Overview
The Speech-to-Text (STT) API allows you to transcribe audio files or raw audio data to text using on-device Whisper models. All transcription happens locally on the device for privacy and offline capability.
Basic Usage
import { RunAnywhere } from '@runanywhere/core'
// Transcribe raw audio samples (most common approach)
const result = await RunAnywhere . transcribeBuffer ( audioSamples , {
language: 'en' ,
})
console . log ( 'Transcription:' , result . text )
Or transcribe base64-encoded audio:
// Transcribe base64-encoded float32 PCM audio
const result = await RunAnywhere . transcribe ( audioBase64 , {
language: 'en' ,
})
console . log ( 'Transcription:' , result . text )
Setup
Before transcribing, you need to download and load an STT model:
import { RunAnywhere , ModelCategory } from '@runanywhere/core'
import { ONNX , ModelArtifactType } from '@runanywhere/onnx'
// 1. Initialize SDK and register ONNX backend
await RunAnywhere . initialize ({ environment: SDKEnvironment . Development })
ONNX . register ()
// 2. Add Whisper model
await ONNX . addModel ({
id: 'whisper-tiny-en' ,
name: 'Whisper Tiny English' ,
url: 'https://github.com/RunanywhereAI/sherpa-onnx/releases/download/runanywhere-models-v1/sherpa-onnx-whisper-tiny.en.tar.gz' ,
modality: ModelCategory . SpeechRecognition ,
artifactType: ModelArtifactType . TarGzArchive ,
memoryRequirement: 75_000_000 ,
})
// 3. Download model
await RunAnywhere . downloadModel ( 'whisper-tiny-en' , ( progress ) => {
console . log ( `Download: ${ ( progress . progress * 100 ). toFixed ( 1 ) } %` )
})
// 4. Load model
const modelInfo = await RunAnywhere . getModelInfo ( 'whisper-tiny-en' )

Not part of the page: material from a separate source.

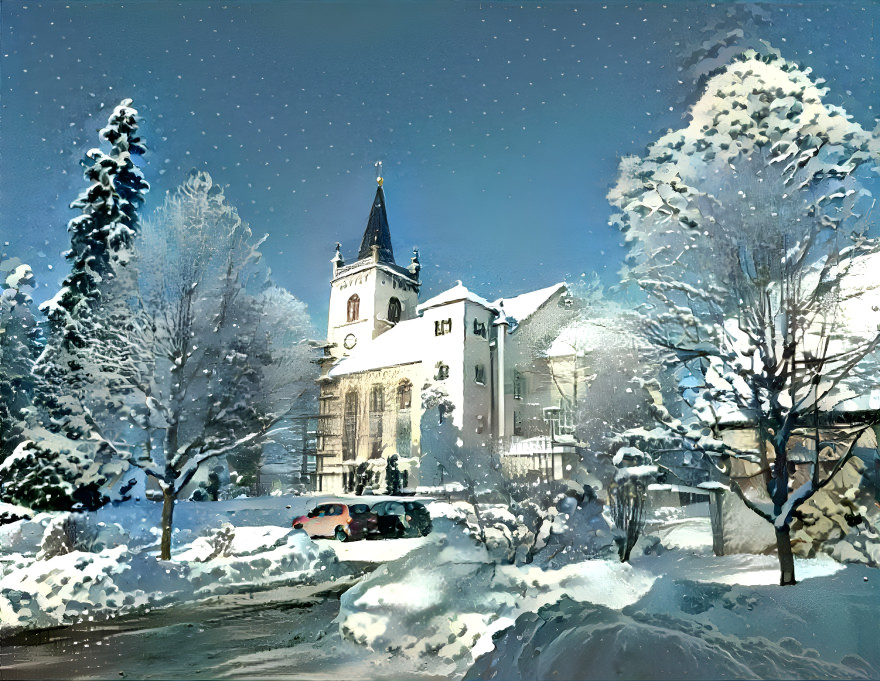 Kirche und Winterbäume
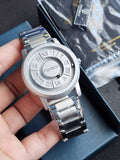 New FOXBOX 0047 Magnetic Ball Watch Mens Waterproof Leather Quartz Wristwatch Skeleton 42MM Dial Rolling Ball Pointer Men Clock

await RunAnywhere . loadSTTModel ( modelInfo . localPath , 'whisper' )
API Reference
transcribeFile
transcribeFile() is declared in the SDK but not yet implemented . Calling it will throw:
"transcribeFile not yet implemented with rac_* API". Use transcribe() or transcribeBuffer()
instead.
await RunAnywhere . transcribeFile (
audioPath : string ,
options ?: STTOptions
): Promise < STTResult >
transcribe
Transcribe base64-encoded audio data.
await RunAnywhere . transcribe (
audioData : string ,
options ?: STTOptions
): Promise < STTResult >
Parameters:
Parameter Type Description audioDatastringBase64-encoded float32 PCM audio data optionsSTTOptionsOptional transcription settings
transcribeBuffer
Transcribe raw float32 audio samples directly.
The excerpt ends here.